TASK BRIEF: Transcribe the whole listing below without changing a word, but leave out every image.

GIVEN MATERIAL:
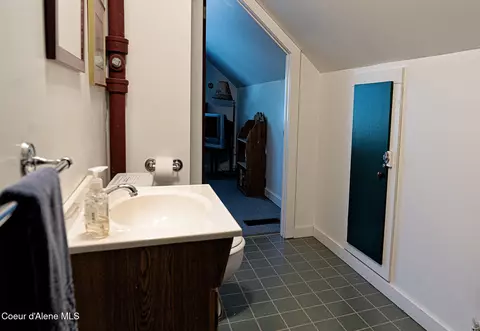 Bath - 5 W Mill Ave, Kellogg, ID 83837 photo 3 of 4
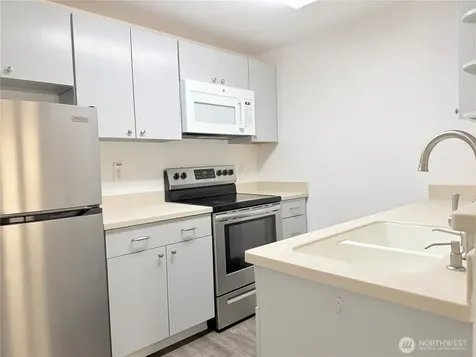 11002 SE Petrovitsky Road Renton WA 98055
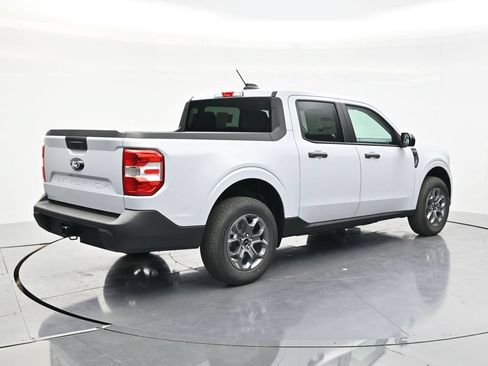 New 2026 Ford Maverick XLT w/ XLT Luxury Package FWD image 5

WRITTEN RESPONSE:
 Bath - 5 W Mill Ave, Kellogg, ID 83837 photo 3 of 4
 11002 SE Petrovitsky Road Renton WA 98055
 New 2026 Ford Maverick XLT w/ XLT Luxury Package FWD image 5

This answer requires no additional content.